A subscription to OJS, hosted by the University of London Computer Centre, was purchased as part of a curriculum development project, but the potential of the system had not yet been fully explored. OJS is a journal management and publishing system developed by the Public Knowledge Project with the purpose of making OA publishing a viable option for more journals. In order to determine whether an open journal service was something the Library Service could and should offer as part of its digital scholarship strand, it was decided to run a project to pilot the system. We based this on the open journals hosting services at the Universities of Edinburgh and St Andrews, and adapted their materials for our purposes. We approached two existing journal managers at LJMU who, due to web pages being moved to behind a log-in, we knew were looking for a way around this and potentially a new platform to host their journals. One journal, SPARK, was a student journal which gave students an opportunity to adapt an assessed piece of work into a journal article suitable for publication. This journal also had a staff and student editorial team. The other journal, Innovations in Practice, was a staff journal which enabled staff to publish work around the areas of pedagogic research and teaching practice. At an initial meeting it was agreed that the journal managers of these two journals would pilot OJS for us and I would take on the role of project manager.
At the same time one of our liaison librarians had been approached by an academic staff member in the School of Nursing and Allied Health for support in setting up a new journal. Again they were looking for somewhere to host this. We agreed this should be based on the SPARK journal, being a place for students to publish their work but also offering them a chance to be editors as well. From the perspective of the project as a whole, this was a useful development as it meant that the documentation we would need for setting up a new journal could be fully tested and revised accordingly so it would be ready to use if this was to go forward as a service after the pilot. It was agreed that a member of the project team (the liaison librarian in the subject area) and I would also be part of the editorial board for this journal, Links to Health and Social Care, in order to fully understand the system and what support a new journal would need.

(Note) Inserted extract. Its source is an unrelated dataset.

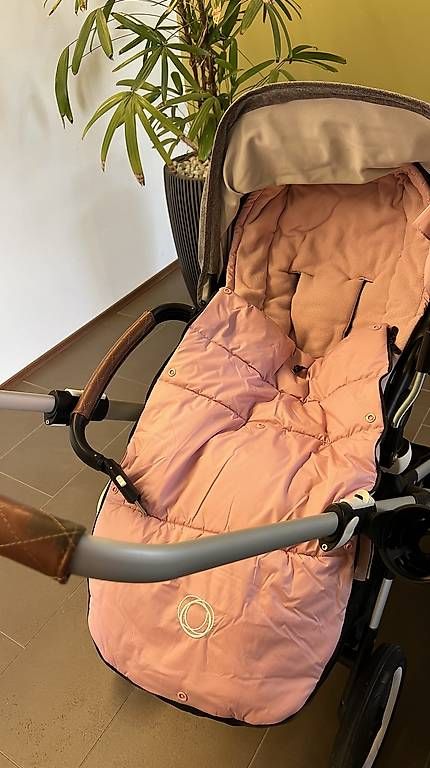 Sacchi a pelo: Bugaboo Fusssack Herbst/Winter rosa – Usato da Hergiswil NW venduto da Gerrywell01 2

Training on the editorial aspects of the system was offered to all the journal managers and editors for the three journals. This was challenging as the system focuses very much on individual roles and in some cases participants took on more than one role. One particularly confusing session involved participants playing the role of author for some papers and editor for others, where it became clear that some participants were confused as to which role they were playing at which point in the training. As a result it was decided that the best way to move forward was for a member of the project team to play the author and the participants to take on the editorial role. This provided them with a clearer picture of what was required of them. It was agreed with all three journal teams that copyright would sit with the authors of the papers and that papers would be published with a CC BY-NC-ND (Creative Commons Attribution Non-Commercial) licence7 to allow reuse for non-commercial purposes. It was agreed that journals would be open access and advice on the types of licence that could be used was given.

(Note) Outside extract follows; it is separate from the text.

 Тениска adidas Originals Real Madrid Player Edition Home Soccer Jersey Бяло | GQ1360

Each of the journals was set up on OJS, which involved creating a ‘new journal’ on the system for each one, i.e. deciding on a name if new, adding the appropriate editors and reviewers, agreeing policy information surrounding the journal and adding this information into OJS. This would then be visible to future authors so they could see, for example, the focus and scope of the journal, what type of papers would be accepted, what the review process would be and turnaround for review. Some degree of customization of the interface was also involved: adding a journal header, applying a unique brand to each journal and ensuring the LJMU logo was included.
The aim was for all journals to release an issue before the close of the project. Progress was slow to begin with as the project team and editorial teams got to grips with the system. All three journals produced an issue during the project, but all took a slightly different approach.

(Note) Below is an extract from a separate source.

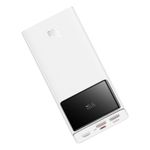 Laptop, Telefoane si Tablete - Telefoane mobile si accesorii - Accesorii Telefoane - Baterii externe - POWER BANK Baseus Star-Lord Digital, 20000mAh, 30W, alb, P10022904213-00 - Infinity.ro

After the setting up of the journal (see Figure 1 for the home page), initial training of editors and the setting up of authors on the system, there was very little input needed from the library project team. The editorial team already had an established process in place for editing an issue and only needed support when using OJS for submissions. They used the system for submitting articles and some elements of the review and copy-editing process. However, they decided not to publish each article as a separate PDF within the issue, instead producing a full-issue PDF as they had done previously, so just required support to upload this onto OJS. This provided a place to host the journal and a stable URL to distribute.
This journal had only one editor/journal manager and took a different approach (see Figure 2 for journal home page). Due to the additional support needed for authors to ensure the quality of paper the journal manager was looking for, articles were not submitted, reviewed and copy-edited through the system, so the journal manager worked closely with each author to develop their work to make sure it was ready for publication. Support was provided with layout, creating the PDFs for each article and uploading them to the system and publishing the issue. More support was needed here in the latter stages when the papers were ready to be formatted and published.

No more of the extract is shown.